AVAILABLE DATA
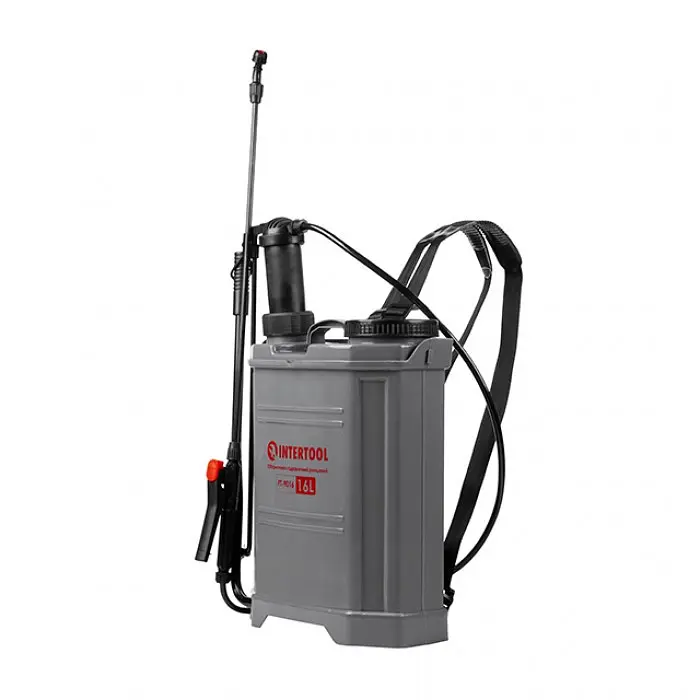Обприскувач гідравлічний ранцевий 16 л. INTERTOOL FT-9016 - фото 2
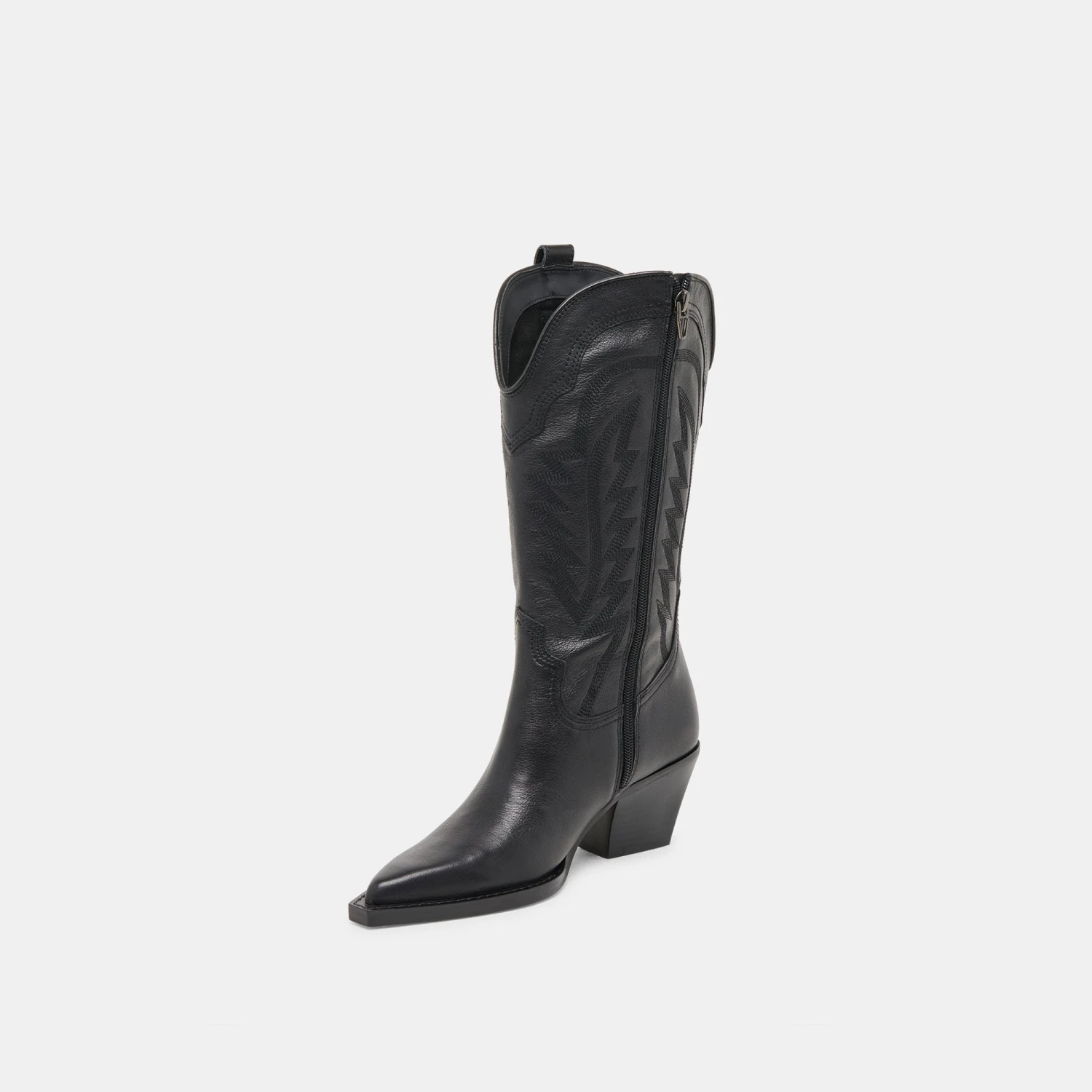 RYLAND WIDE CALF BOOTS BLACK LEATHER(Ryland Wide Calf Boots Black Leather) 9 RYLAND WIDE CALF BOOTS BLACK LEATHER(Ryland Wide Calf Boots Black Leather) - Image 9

--

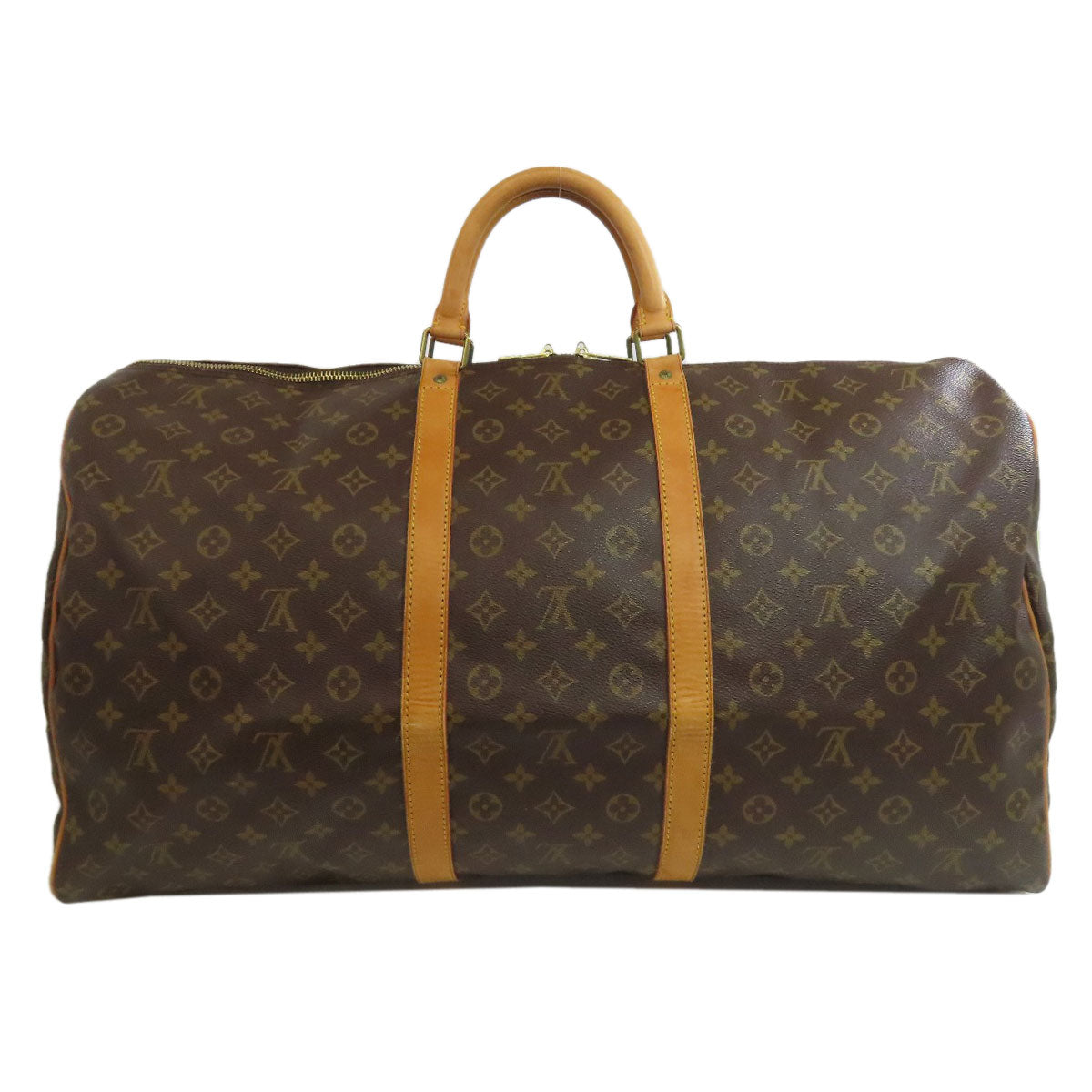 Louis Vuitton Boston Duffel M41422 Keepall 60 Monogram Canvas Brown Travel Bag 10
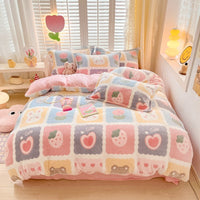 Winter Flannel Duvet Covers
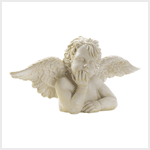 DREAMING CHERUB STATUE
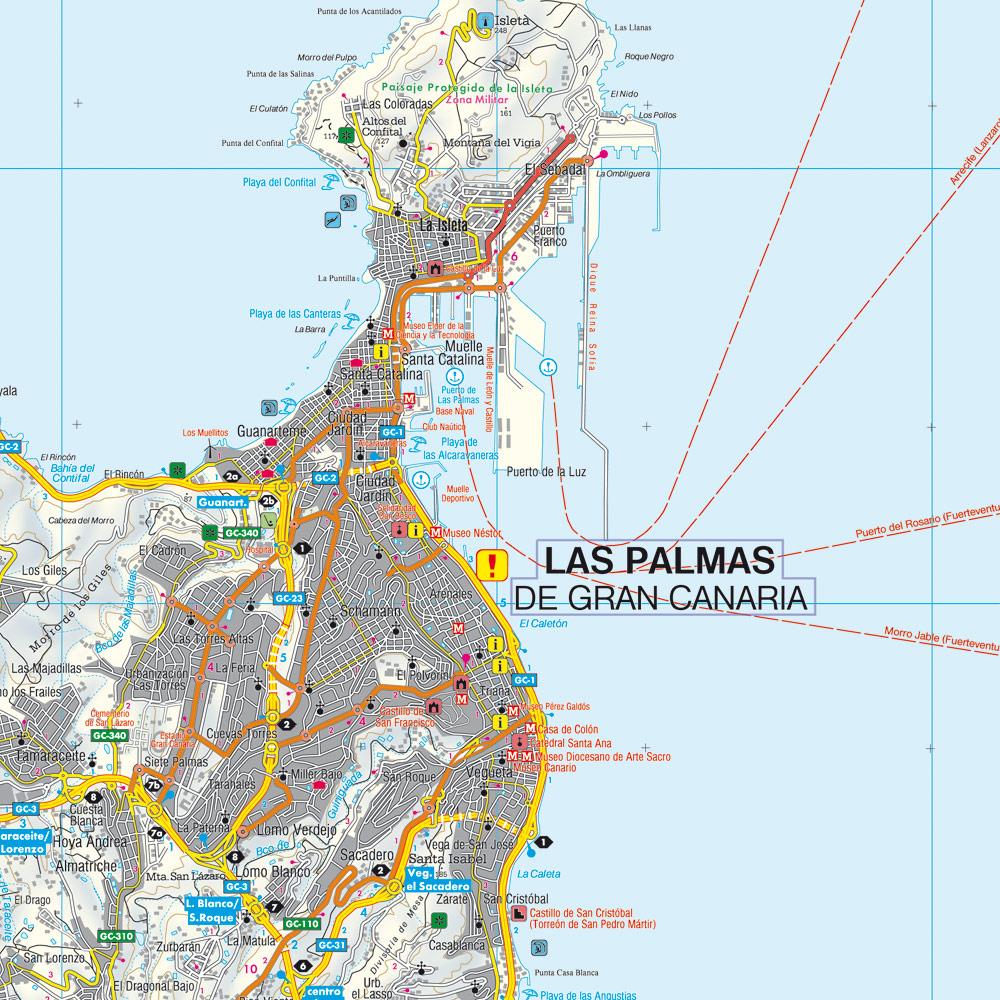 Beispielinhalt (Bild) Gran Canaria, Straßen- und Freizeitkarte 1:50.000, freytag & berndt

EXERCISE INSTRUCTIONS
Using the data above, print only the lines starting at the one with "Обприскувач гідравлічний ранцевий" and ending at the one with "Leather) - Image 9", exactly as they stand, minus the pictures.

ANSWER BOX
Обприскувач гідравлічний ранцевий 16 л. INTERTOOL FT-9016 - фото 2
 RYLAND WIDE CALF BOOTS BLACK LEATHER(Ryland Wide Calf Boots Black Leather) 9 RYLAND WIDE CALF BOOTS BLACK LEATHER(Ryland Wide Calf Boots Black Leather) - Image 9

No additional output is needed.